Its just about a fair go. Its just about doing the right thing. Because we have asked our low-paid-workers to lose all their union power and such. And whilst thats best for everyone including those self-same low-paid workers its a bit rich to just let such people be the buffer for the fallout for the rapid change in our determined advance towards freedom.
So what Humphreys and David have done is take the burden of change OFF such people. Their scheme is such that you can get a job if you want it and that if you have a job you’ll get by.
But we’ve got to look at this as a sort of MORAL NECESSITY. And not look upon it as some sort of vote-catcher or GROWTH-MAXIMISATION SCHEME.
It is all of these but its a moral necessity to have this as an immediate first budget up front.
And it will enable us to sack nine out of ten of the non-combat taxeaters with a straight face and clear conscience.
It will enable us to sack nine out of ten of the non-combat taxeaters WITH RELISH and with a happy heart.
You repeat Brendan’s strange complaint about methane from cows.
John, you’ve asserted that this is strange without refuting it. If I’m wrong, I’d like to know why I’m wrong.
I really don’t understand why you object so strongly to some of us more interested in refuting government intervention, even if we’ve agreed that carbon tax would be the least worst option. All this talk of who is the most “pure” is absolute rubbish, all I’ve advocated is that an argument against intervention is more important to me, although adtmitedly in a melodramatic way.

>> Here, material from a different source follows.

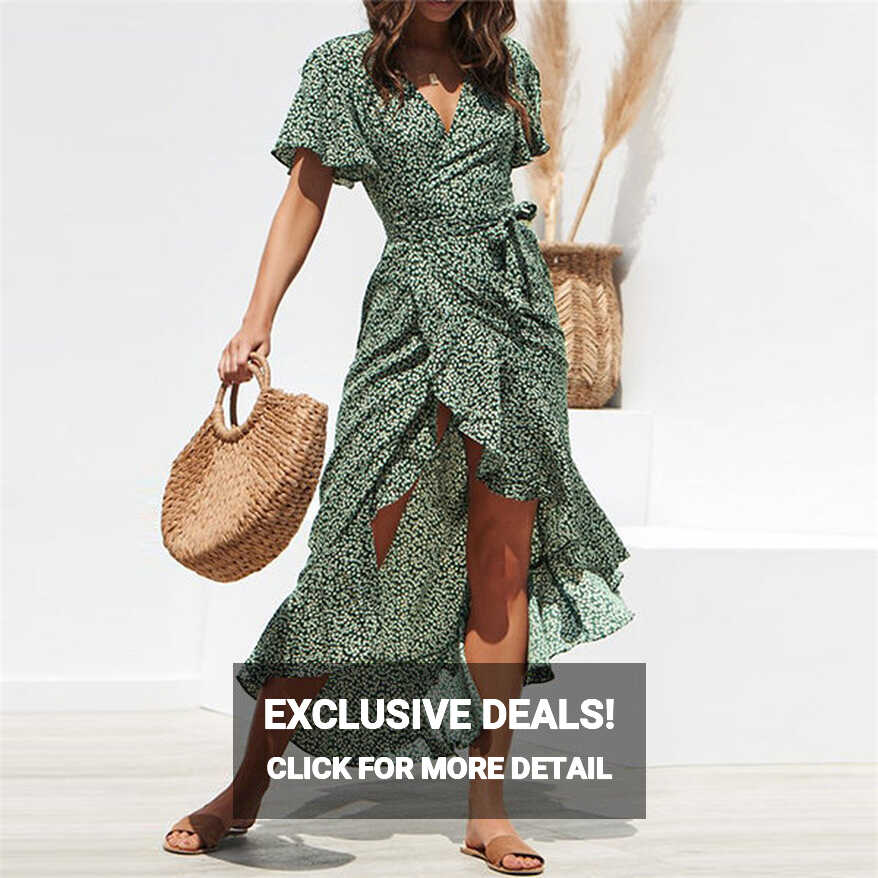 Summer Beach Maxi Dress - ApolloBox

The point about cows & methane is strange because it’s easy to fix so hardly worth mentioning. Simply keep the carbon tax to the energy sector and exclude the agricultural, industrial & personal.
Progressive means that a richer person pays a higher average tax rate than a poorer person. A flat income tax is progressive for two reasons.
The first (as Graeme mentions) is when they have a tax free threshold. Under 30/30 you always have a 30% effective marginal tax rate… but not a 30% average tax rate. For a person on $30,000 you have a 0% average tax rate. For a person on $60,000 pays 15% average tax rate. As your wage increases your average rate assymtotically approaches 30%.
The second reason is that rich people have a higher marginal propensity to save and savings are effectively double taxed in all income tax systems by definition. This discussion gets quite technical, so for the purposes of this debate I hope you’ll just take my word for it. The only truly proportional tax is a flat universal consumption tax.
But my point about all this is that, as much as I generally oppose all tax, I can’t see how a carbon tax is particurlarly more objectionable than most other taxes. Personally, I find income tax very objectionable.
The point about cows & methane is strange because it’s easy to fix so hardly worth mentioning.
OK, cows I know about. You can’t stop cows producing methane, even if you’re an economist. Unless you shoot them, which is not exactly ‘fixing’.
Let them eat cake, David.
Less strident me (I hope):
I think there is a real question here about the substitution relationship between different claims for government intervention. Does the possibility that one tax could be made revenue neutral by offsets in other areas strengthen the case for the tax to be imposed?
I know there are differences in the *form* of intervention in any one area, and that discussing the differential impacts of two alternative forms (i.e. carbon tax and an enforced trading regime) was the point of the post. I did not mean to imply that hypothetical thought experiments are not of value or interest (and certainly not that they’re evil).
I was (and still am) bemused (confused, if you must) by the idea of universal substitution between *areas* of intervention. The apparent inevitability of increased intervention to affect CO2 output does not make a stronger case for income tax reform, surely. Again, I think 30/30 makes the case for income/welfare reform very well as it stands.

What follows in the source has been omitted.